それからわたしはなぜか藝大を目指し始めた。今でこそ何かを作ることに対して人に説明できる理由があるものの、絵を描くのがなんとなく好き、当時の理由はそれだけだったと思う。
わたしの高校は偏差値75超で、ものすごい優秀な生徒ばかりの学校だった。その中でわたしはいつも内部進学ができるギリギリの成績で上がってきたぬくぬく温室育ちの落ちこぼれ。だから自分は勉強では張り合えないから、フィールドを変えよう、そう思って逃げただけだった。文化祭のポスター、クラスTシャツのデザイン、体育大会の団旗のデザイン、アルバムの表紙……何かと絵を描く機会があれば誰かが頼んでくれて、それを使ってもらっていた。だからわたしには絵があると、そう勘違いしてしまったのだ。
過去のほんの少しの栄光に縋って、やればできるからと言って努力をしない、クズだ。

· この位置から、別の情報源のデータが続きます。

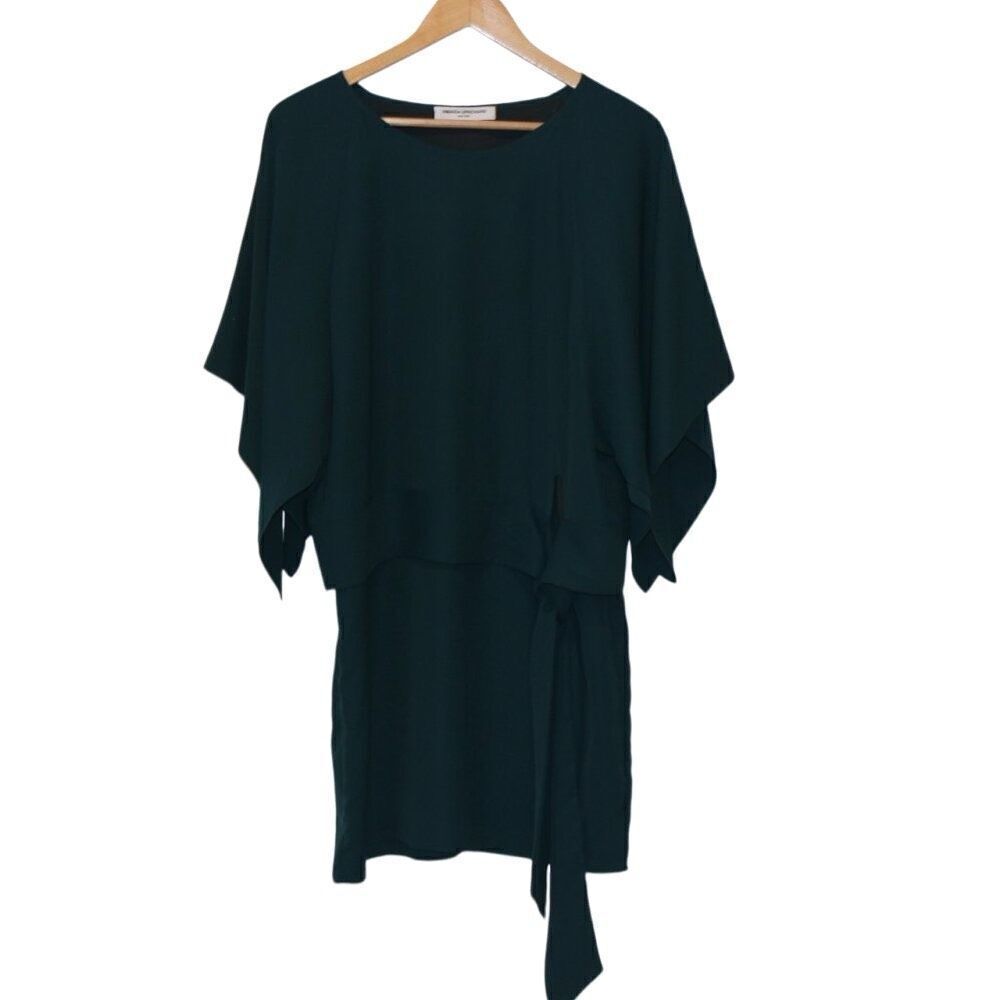 Amanda Uprichard Dark Green Foster Midi Dress Women's Size S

ちょっとだけ器用貧乏だからって、自分には才能があると勘違いをした、ただの怠け者だ。

わたしは藝大受からなかった。その上コロナと胃腸炎にやられて第二志望も受けられなかった。そのせいでまた言い訳をした。病気のせいにして、病気がなくたってこんな努力の足らなくて落ちていたかもしれないのに。
でも、でも、わたしなりに初めてこんなに努力した。好きな紙質のスケッチブック、世界堂へ予備校に行く前に買いに行って、14冊埋めた。鉛筆も何ダース使ったのか覚えてないぐらい使った。お小遣いはみんな2Bのハイユニに変わる。別にそれは全く辛くなかった。なぜかわからないけど、たぶんまだ夢があったから。デッサンも一年で100枚は描いた。一次試験は自画像だったから、大嫌いな自分の顔も泣きそうになりながらじっと睨みつけて描いたよ、今も部屋の床にはぐちゃぐちゃになった自分の顔が転がっている。そろそろ捨てないといけないのに、そのまま放置している。

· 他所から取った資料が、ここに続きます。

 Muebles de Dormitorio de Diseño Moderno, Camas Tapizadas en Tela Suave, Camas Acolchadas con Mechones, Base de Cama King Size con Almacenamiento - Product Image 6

でも、「実はわたし、恥ずかしながら藝大志望だったんですよ〜笑」そういって自虐するのだけはやめたい。藝大目指した1年間は絶対に無駄じゃないし、恥ずかしいことではないはずだから……!


わたしのできることすべて尽くして
藝大に送ったポートフォリオ
結局一次のデッサンで落ちちゃったから1文字も読まれることはなかったんだけれど、これを作ったことはきっと無駄にはなっていない


わたしには浪人をするメンタルはない。浪人したところで、また言い訳をして、自分の最大限の努力をせず、きっと失敗するだろう。親に言われた、お前には無理だからやめてくれ、一度でも受けさせてやったんだからもういいにしてくれ、学費なら払ってあげるから頼むから現役で大学に行ってくれ、と。わたしもそう思う。
受験前デッサンはみんな泣きそうな顔もしていた。対して枚数描いていない、夏のデッサンコンクールのときよりずっと汚い絵だった。浪人したら受験前もう何も描けなくなっちゃうかもしれない。失敗を避けてきて、逃げてきただけの人生。才能があると思っていたかっただけで自信なんて何にもなかったから、本当に怖かった。もう一度それをするなんてきっと無理。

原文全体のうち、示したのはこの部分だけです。